I've read quite a bit about the importance of cultivating a growth mindset and Carol Dweck's work and heard her talk in Edinburgh and seen her popular TED video clip so I wasn't too sure if it was worth readingt her book. However, having been exasperated at myself and my negative self-talk when it came to my running I thought I could probably do with a Growth Mindset boot camp and bought her book ("Mindset" by Carol Dweck, 2006). I thought it was really worthwhile and if you were only going to read one CPD book this year, I would recommend this one.
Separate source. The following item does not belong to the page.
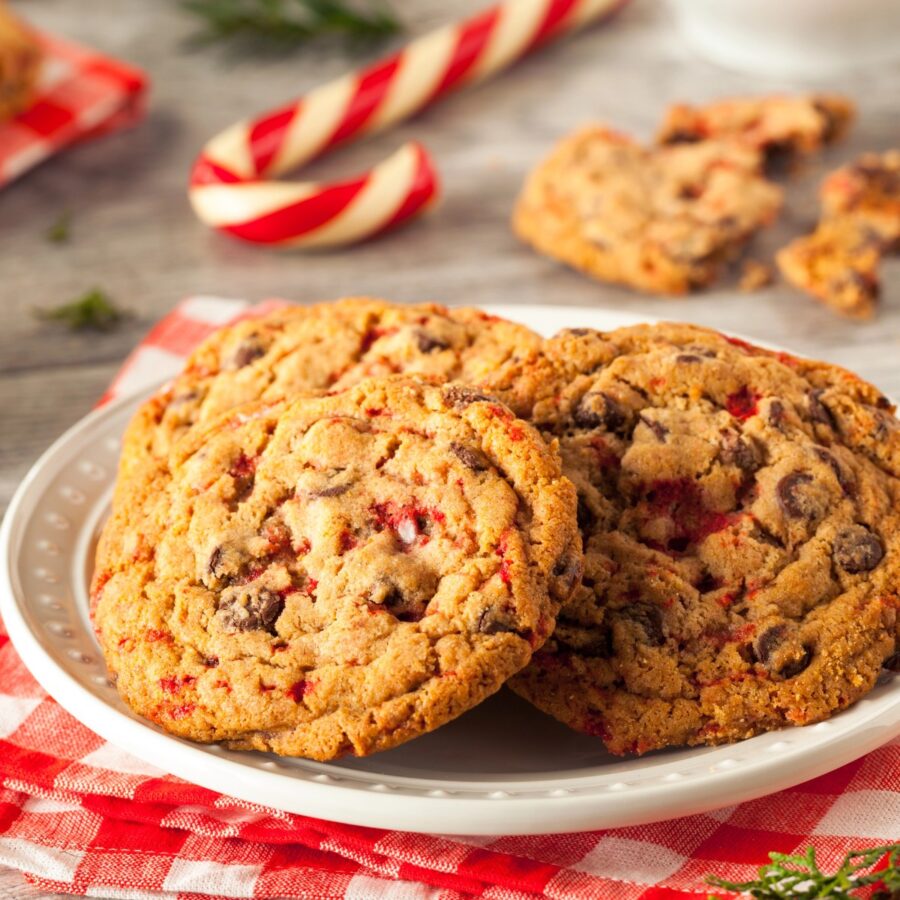 A stack of Peppermint Chocolate Chip Cookies on a white plate with candy canes in the background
I really liked this diagram:


Some points that I made a note of were:

The link between attachment disorder and a fixed mindset.
How sometimes it's just more comforting to maintain a fixed mindset.
We can shift between one mindset and the other and it will probably be different for different areas, e.g. many people believe they can't get better at drawing.
A fixed mindset means that we are less open to constructive feedback.

During a plenary or at the end of the day is a good time to promote a growth mindset with pupils, and Dweck recommends asking these sort of questions: “What did you learn today?
What mistake did you make that taught you something? What did you try hard at today?”

Discussing how to deal with children who are displaying a fixed mindset she says, "When your fixed-mindset son tells stories about doing things better than other children, everyone says, “Yeah, but what did you learn?” When he talks about how easy everything is for him in school, you all say, “Oh, that’s too bad. You’re not learning. Can you find something harder to do so you could learn more?” When he boasts about being a champ, you say, “Champs are the people who work the hardest. You can become a champ. Tomorrow tell me something you’ve done to become a champ.” Poor kid, it’s a conspiracy. In the long run, he doesn’t stand a chance!"

She believes we should ask ourselves, "What are the opportunities for learning and growth today? For myself? For the people around me?" And having done that and thought of the opportunities, formed a plan, and asked oneself: "When, where, and how will I embark on my plan?" Stirring stuff, and I'm sure she probably does do that.

Today was our first day back at school after the holidays and I tried to start putting some of the ideas into practice. As part of our discussions on our success criteria for our art lesson I included two extra questions, which were: Can you stick at the task even though it's tricky? Did you learn from a mistake (slashed out) learning opportunity? And there was a lot of good talk about these ideas.